There’s a saying among pastors that you can’t get from Palm Sunday to Easter without going through Good Friday.
Believe me, there is a tendency among many American churches to jump from the parade-like quality of Palm Sunday straight to the glory of Easter morning, without ever delving into the messiness and horror of what actually happened that last week of Jesus’ life. We tend to be very uncomfortable with the blood and suffering; not only does Holy Week veer mightily close to our own pain, but it forces us to look upon a Jesus who was betrayed, battered, beaten, and executed.
No thanks, we tend to say. We’d rather imagine a resurrected, bright and shiny Jesus. We like winners!
But I don’t think the story of Jesus Christ has any power at all unless it is true that he experienced so much suffering. The entire point of the resurrection is that evil does not have the last word in our world, despite the enormous amount of evil that exists in the world.
A Jesus who did not face his own personal terror would have nothing hopeful to offer the people of the world who are terrorized by the threat of nuclear weapons.
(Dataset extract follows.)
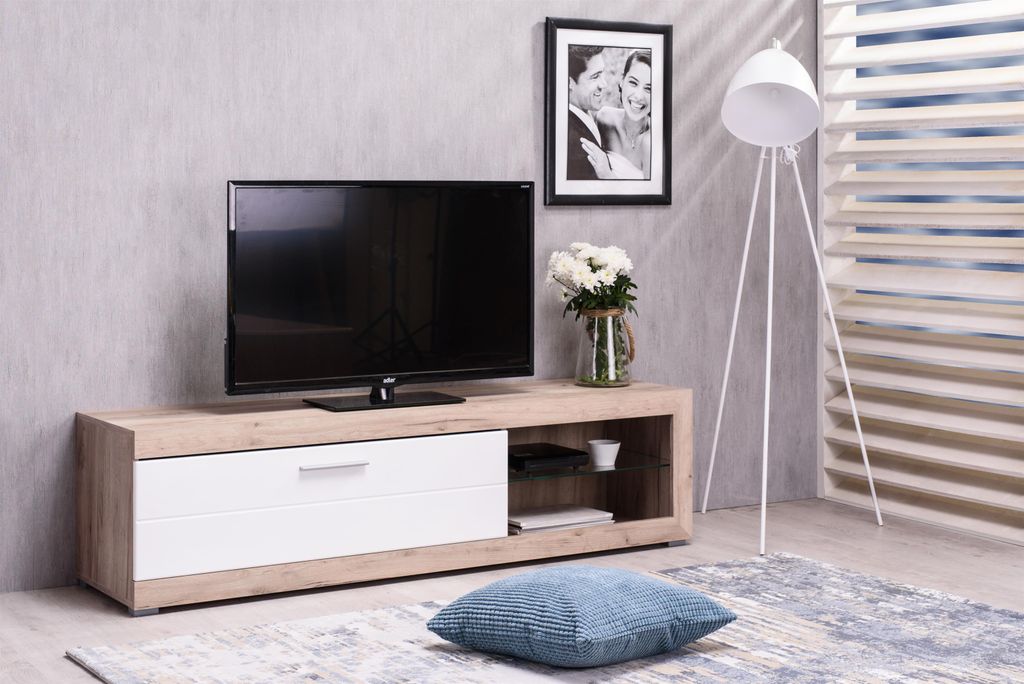 TV-Lowboard Fernsehtisch Unterschrank Rack HiFi Element TV Schrank "Ruma I" Grey Oak/Weiß-Hochglanz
A Jesus who was not whipped and beaten would have nothing meaningful to say to a Congolese woman who was raped by rebel militiamen. A Jesus who did not die on a cross would mean absolutely nothing to a Syrian refugee whose father and three children had been killed by sarin gas.
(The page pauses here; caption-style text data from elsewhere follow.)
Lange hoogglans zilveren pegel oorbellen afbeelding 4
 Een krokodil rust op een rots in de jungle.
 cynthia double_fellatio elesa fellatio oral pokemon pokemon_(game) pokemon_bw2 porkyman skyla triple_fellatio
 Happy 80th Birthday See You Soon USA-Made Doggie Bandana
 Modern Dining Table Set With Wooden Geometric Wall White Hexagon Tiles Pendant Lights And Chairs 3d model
This is not to say that Jesus’ suffering was unique; his pain was not any greater than any other. Instead, it was representative. It marks him as human, like the rest of us. He was one of us, a member of our race, a participant in our plight.
And what God did through Jesus was to herald a coming age in which humanity would be saved from the plight and plague of evil and wickedness. In God’s reign, tragedy will be transformed into beauty. Jesus’ death and resurrection are a kind of parable of what God is doing in the world — even today.
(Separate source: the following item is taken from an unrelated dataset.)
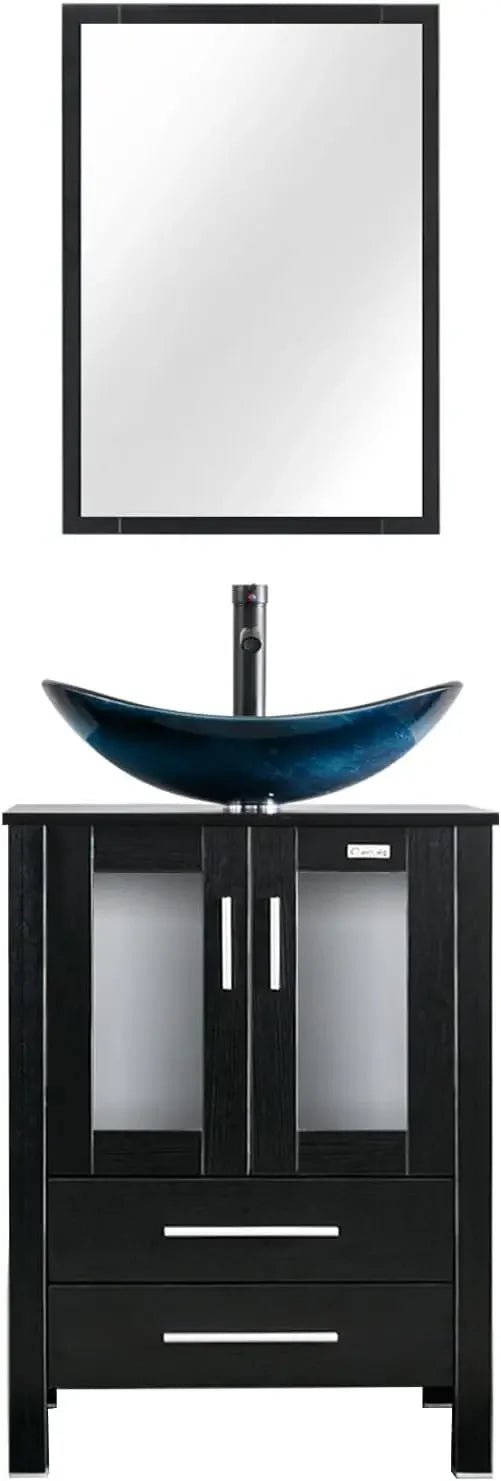 XMSJ Bathroom Vanity Sink Combo Modern Stand Cabinet Vessel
Frankly, the only way to encounter the fullness of Easter is to become immersed in all the events of Holy Week, to get in touch with Jesus’ suffering, as difficult as it might be.
That’s the reason we gather on Maundy Thursday and Good Friday for worship. We hear the rest of the story, the part that happens in-between Palm Sunday and Easter Sunday.
Another way to experience that part of the story is to walk the Stations of the Cross, which are now open and available in the sanctuary at Kessler Park UMC. The Stations of the Cross are an ancient spiritual practice of the Christian church, meant to imitate the journeys of early Christian pilgrims to the Holy Land, who retraced Jesus’ final steps on the way to Calvary.
There are fourteen stations, scattered throughout the sanctuary; each one represents a different moment in Jesus’ suffering and death. A booklet guides you to each station and offers a Scripture reading, reflection, question, and prayer. You are welcome to linger at each station as long as you like, and meditate on what it all means to you.
I walked the path this morning, and found myself marveling, once again, that Jesus had the courage and love to say of his persecutors, “Father, forgive them, for they don’t know what they’re doing.”
These words would mean nothing at all if Jesus said them on the back of the donkey while entering Jerusalem; likewise, if he’d said them on his deathbed at a ripe old age, they would ring hollow and trite. Instead, the fact that he said it while he was hanging on the cross gives the phrase a force that challenges all the world’s evil.
At that moment, Jesus truly overcame the horror of humanity’s inhumanity. Jesus refused to be sucked into the cycle of vengeful violence and hate, and chose to forgive.
Confronted with such a love, our only response can be, “Lord, have mercy on us.”
The Stations of the Cross will be open for visitors on Thursday and Friday from 8:30 am to 9 pm, and on Saturday from 10 am to 1 pm.